Activated service account credentials for: [kubeflow-user@kubeflow-demo-256908.iam.gserviceaccount.com]


### Install required packages and import packages

In [2]:
%%capture pip_install_out

!pip install pip --upgrade
!pip install -r mlpipeline_utils/requirements.txt --upgrade

In [3]:
import itertools
import logging
import os
import sys
sys.path.append('../mlpipeline_utils')
import uuid

import kfp
import kfp.gcp

from mlpipeline_utils.kfp_components import *


logging.getLogger().setLevel(logging.INFO)

In [4]:
PROJECT_ID = !gcloud config get-value project
PROJECT_ID = PROJECT_ID[0]
DEV_BUCKET = f'gs://{PROJECT_ID}-dev'
!gsutil mb -b on {DEV_BUCKET}
BASE_GCS_PATH = os.path.join(DEV_BUCKET, 'notebooks')

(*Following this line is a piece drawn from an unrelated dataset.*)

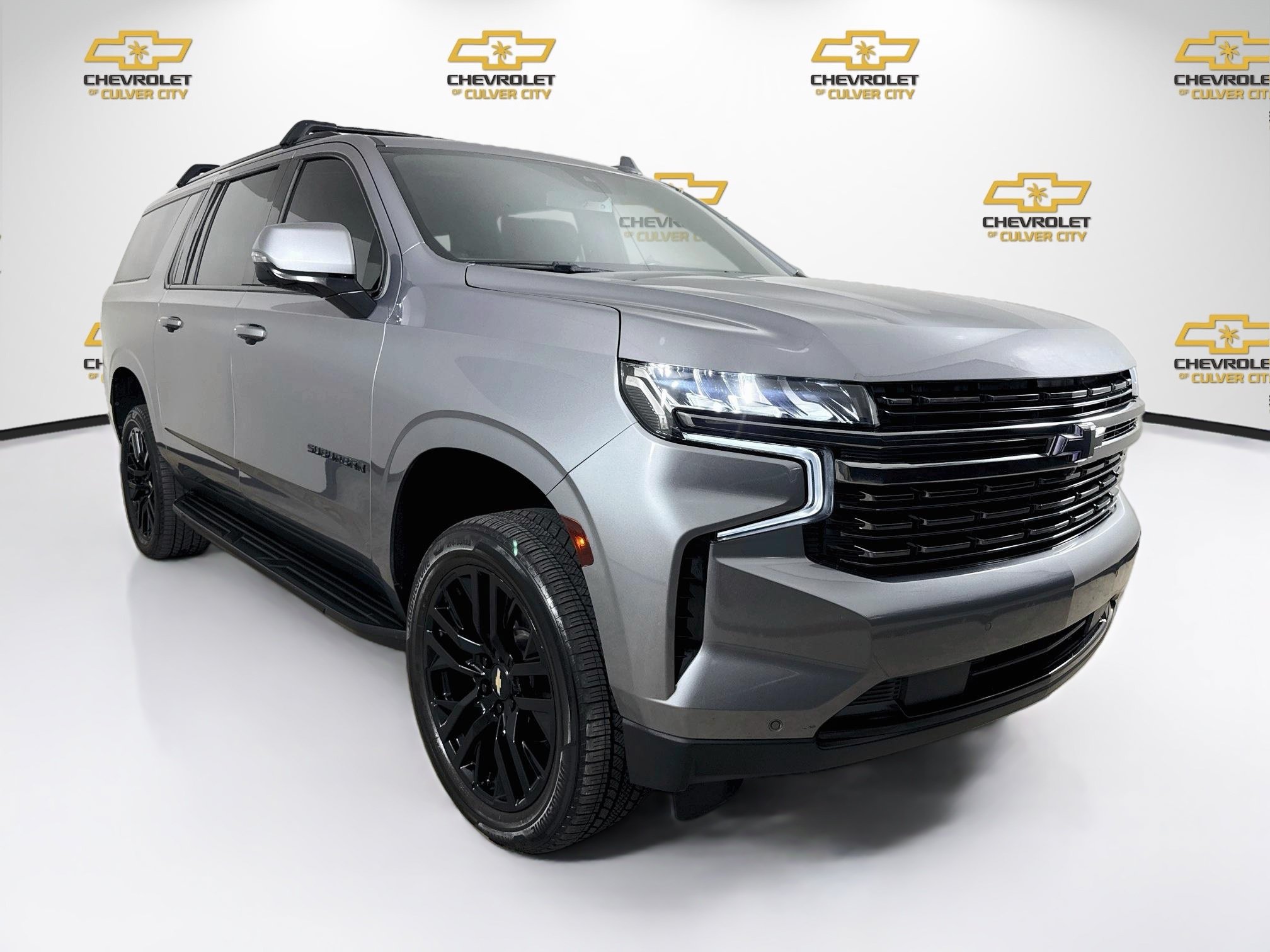 Used 2022 Chevrolet Suburban RST w/ Luxury Package AWD/4WD image 1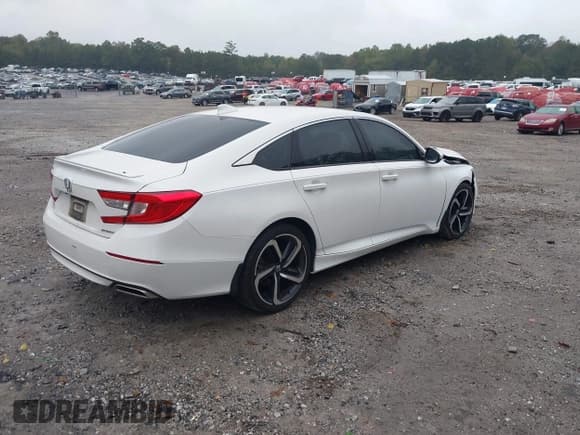 ✅ 2020 Honda Accord Sport • VIN: 1HGCV1F39LA102693 • Lot: 43367884. Listed on IAAI with 109,055 mi. Free auction sales archive from the USA and detailed vehicle history report at DreamBid. Image 4.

Creating gs://kubeflow-demo-256908-dev/...
ServiceException: 409 Bucket kubeflow-demo-256908-dev already exists.


## Papermill

### Select base image to be used for papermill

In [5]:
PAPERMILL_BASE_IMAGE = f'gcr.io/{PROJECT_ID}/kfp-base'

### Configures input/output notebooks for papermill

In [6]:
PAPERMILL_DEMO_GCS_PATH = os.path.join(BASE_GCS_PATH, 'papermill_demo.ipynb')
PAPERMILL_DEMO_OUTPUT_GCS_PATH = os.path.join(BASE_GCS_PATH, 'papermill_demo.output.ipynb')

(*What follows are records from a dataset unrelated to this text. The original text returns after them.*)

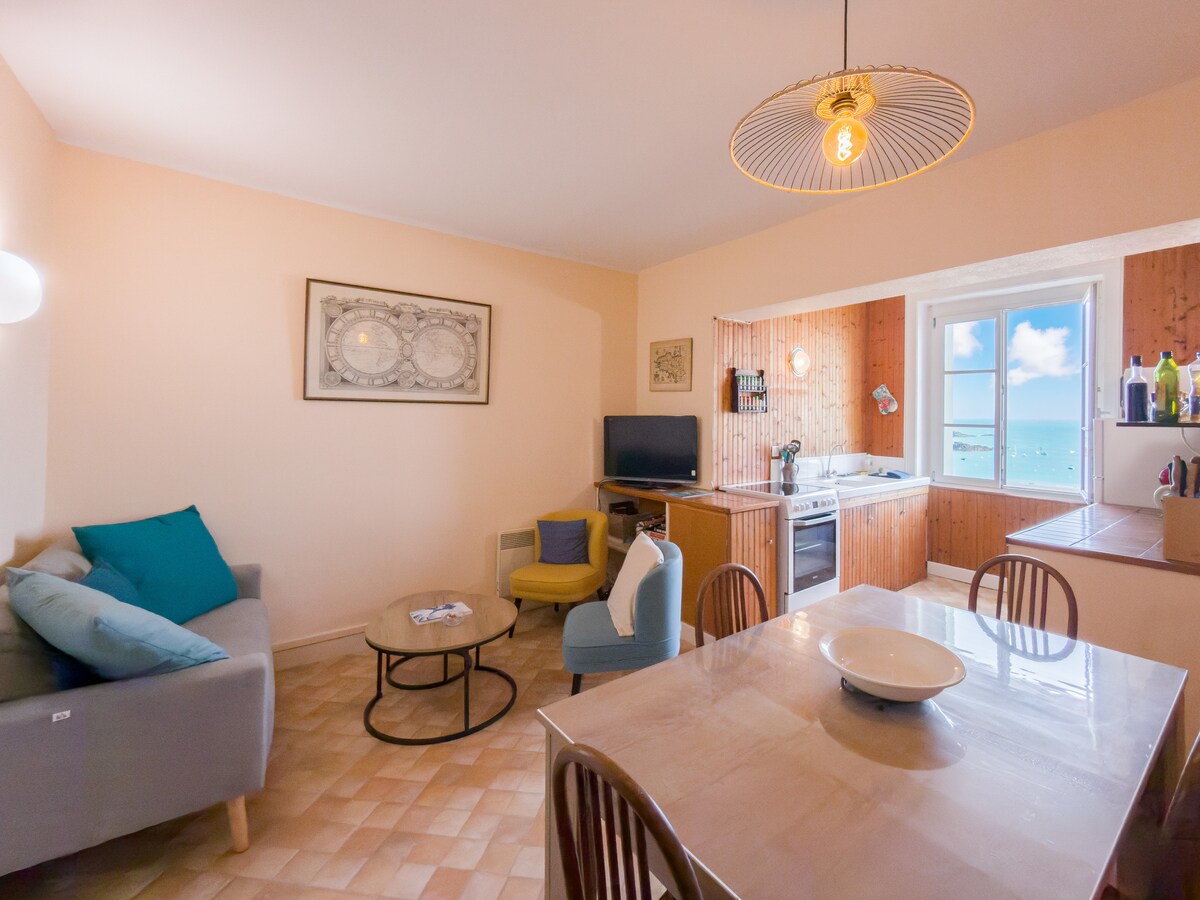Annonce Airbnb populaire: "L'Écume" - Sea view of the Grande Plage à Saint Lunaire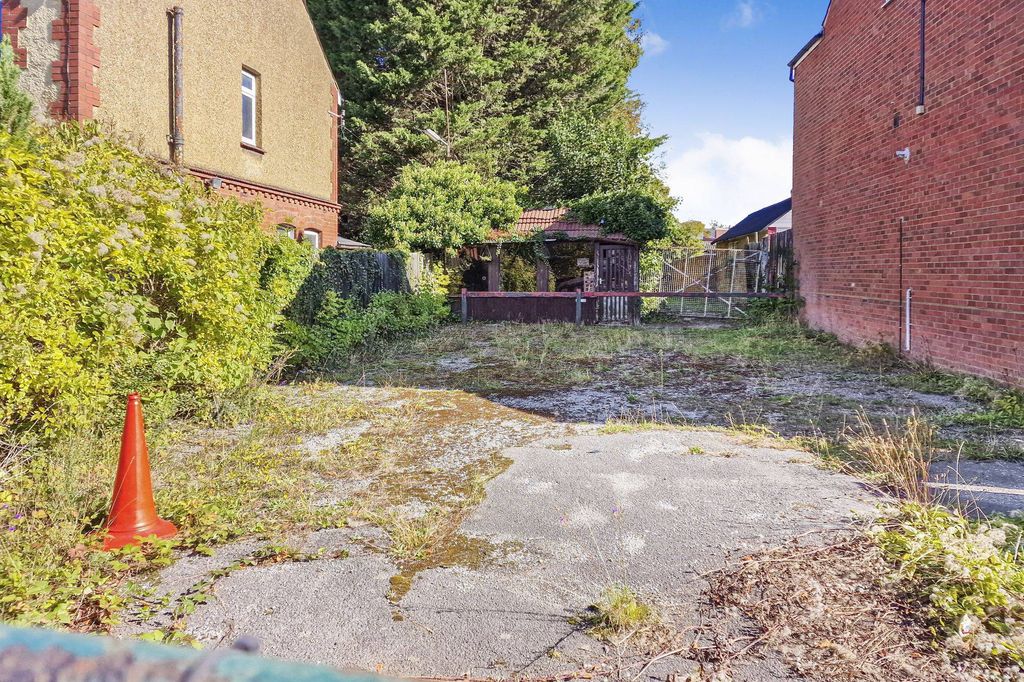 Property photo 3 of 7 28 Oakley Road, Luton, Lu4 9Pu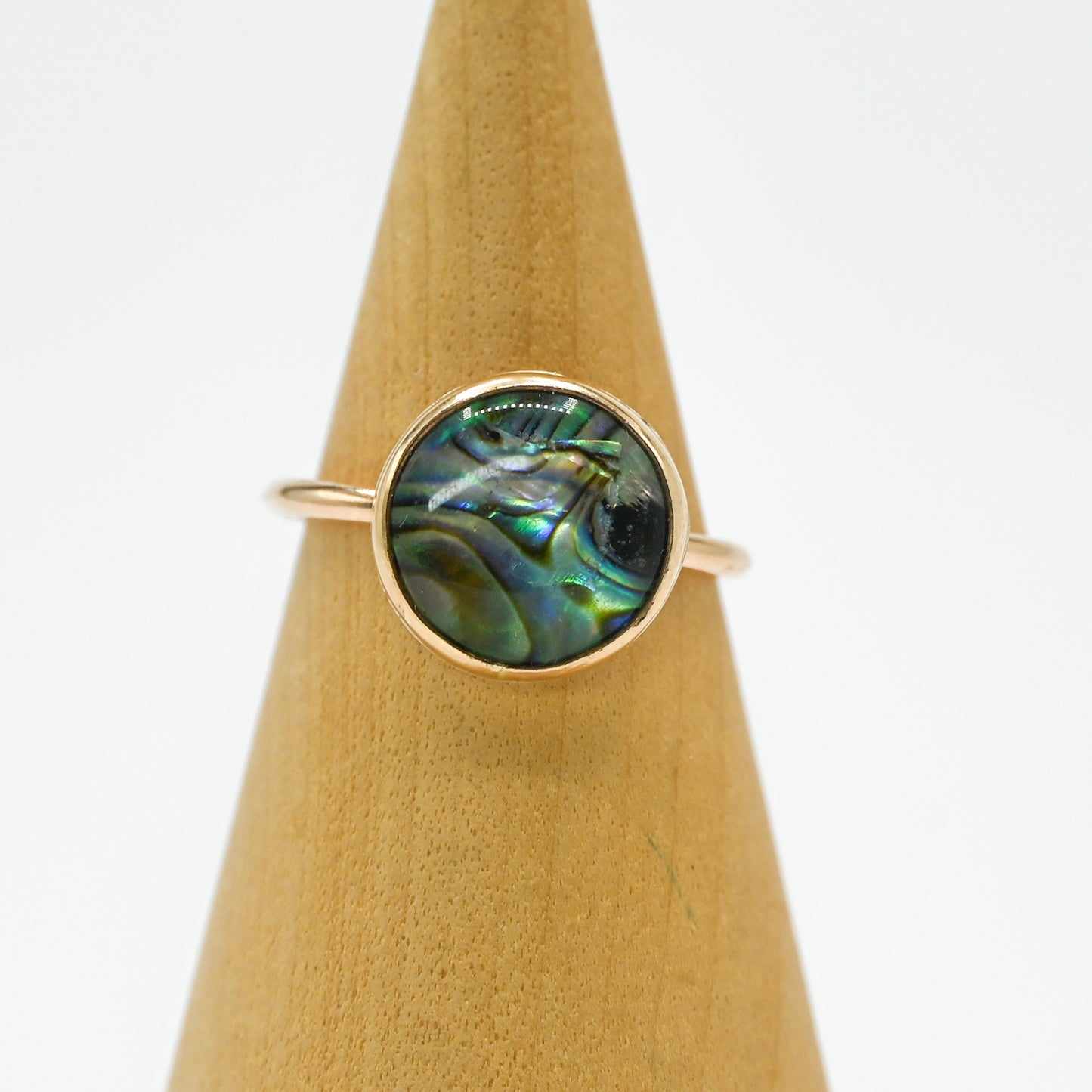 Gold fill large round abalone size 7.25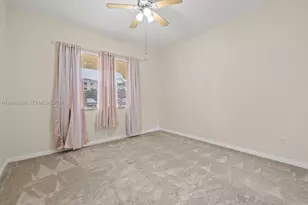 17 Harbour Isle Dr W, Fort Pierce, FL 34949 - Photo 13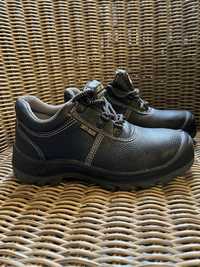 Nowe buty robocze Safety Jogger roz. 39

### Defines a boilerplate Kubeflow Pipeline to run the notebook using papermill

In [7]:
@kfp.dsl.pipeline()
def papermill_pipeline(
    papermill_options: str='',
    
):
    papermill_comp(
        notebook_path=PAPERMILL_DEMO_GCS_PATH,
        output_notebook_path=PAPERMILL_DEMO_OUTPUT_GCS_PATH,
        papermill_base_image=PAPERMILL_BASE_IMAGE,
        papermill_options=papermill_options
    ) \
        .apply(kfp.gcp.use_gcp_secret('user-gcp-sa')) \
        .set_cpu_request('2') \
#         .set_gpu_limit(1, 'nvidia')

### Copy the local notebook to GCS and run the papermill pipeline

In [8]:
!gsutil cp papermill_demo.ipynb {PAPERMILL_DEMO_GCS_PATH}
run_id = str(uuid.uuid4()).replace('-', '')
parameters = {
    'x': 10,
    'y': 200
}
kfp.Client().create_run_from_pipeline_func(
    papermill_pipeline,
    arguments={
        'papermill_options': ' '.join(
            itertools.chain.from_iterable(
                ['-p', str(k), str(v)] for k, v in parameters.items()
            )
        )
    },
    run_name=f'papermill_demo_{run_id}'
)

Copying file://papermill_demo.ipynb [Content-Type=application/octet-stream]...
/ [1 files][ 17.0 KiB/ 17.0 KiB]                                                
Operation completed over 1 objects/17.0 KiB.                                     


<kfp._client.Client.create_run_from_pipeline_package.<locals>.RunPipelineResult at 0x7f04df79a898>

### Retrieve the resulting notebook once it's done

In [9]:
!gsutil cp {PAPERMILL_DEMO_OUTPUT_GCS_PATH} papermill_demo.output.ipynb

Copying gs://kubeflow-demo-256908-dev/notebooks/papermill_demo.output.ipynb...
/ [1 files][169.1 KiB/169.1 KiB]                                                
Operation completed over 1 objects/169.1 KiB.